I’ve often read over recent weeks of the effects that Lockdown has had upon birdwatchers and naturalists in general (Includes many good accounts on the Nat His Soc of Northumbria site), and unsurprisingly many have discovered, or more often rediscovered, the rewards that their home patch has to offer. Few had been able to travel far from it unless of course you happened to be a certain Government adviser, in which case the rules didn’t apply it seems. For my part I’ve enjoyed reading some of the accounts of discoveries on local patches and I gained the impression that many were enjoying this new exploration. Lockdown may have brought with it some benefits in that respect and even TVs Springwatch improved from a much more interesting and professional approach. For the time being most are now spreading their wings and traveling throughout the region and beyond, so the twitchers have their freedom back. As my blog has shown I have ventured further too. I hope the freedom lasts, but not to the detriment of patch watching. One cannot be certain about such freedom lasting in these strange and uncertain times.
The author
of a recent book I have read, A Month in Siena mentions that he gets
great satisfaction from looking at great art works in galleries for hours on
end and constantly returning to them. The
author appears to gain great psychological support and strength from this and I
empathise with him as I gain in a similar manner from watching nature and
returning to the same thing time and time again and seeing and feeling
something new each time. Whilst I enjoy
the excitement of finding the new and the rare, I equally enjoy watching what
some may consider the mundane. I
personally don’t think anything related to nature can be assumed mundane. In this sense I go along with the saying ‘less
is more’ not only regarding artwork, but nature too.
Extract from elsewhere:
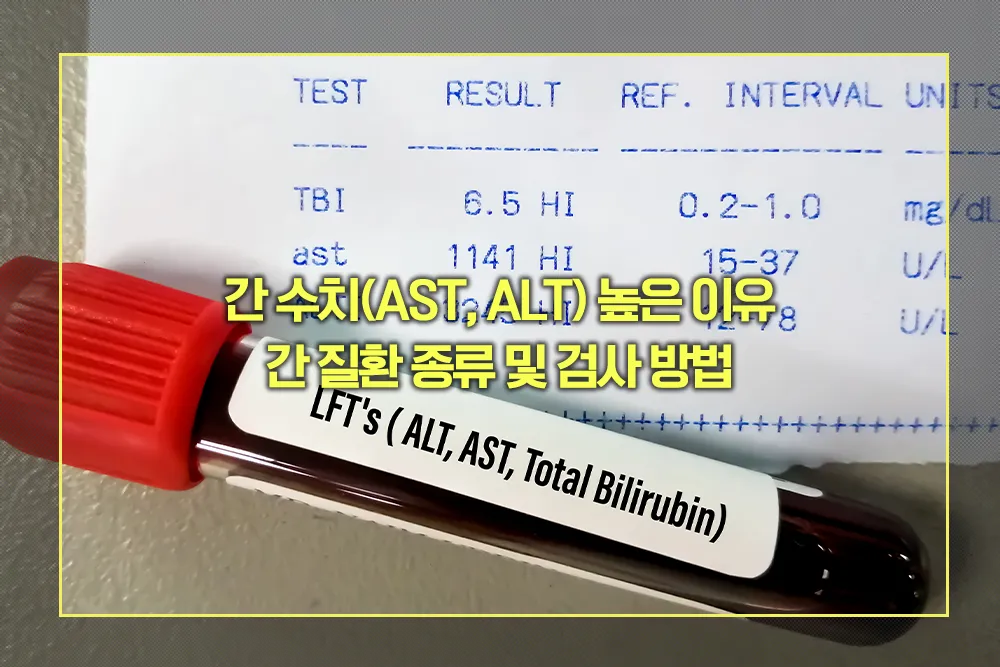 간 수치(AST, ALT) 높은 이유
I became an avid reader years ago, but poetry until recent times was never a passion of mine, and much contemporary poetry still leaves me cold. However, we all change in time and poetry is now very much on my agenda, and you may have noticed John Clare features occasionally on this blog and much of his work was with me throughout lockdown. I am widening my scope and currently reading works by Robert Frost another great poet and very much into nature. In some respects, lockdown did me a favour. The great poets that have written about nature clearly studied what they saw at length and learnt a great deal from doing so, and any naturalist or budding naturalist can learn a great deal from that and the work of poets and other nature writers. Nothing however can replace your own graft in the field.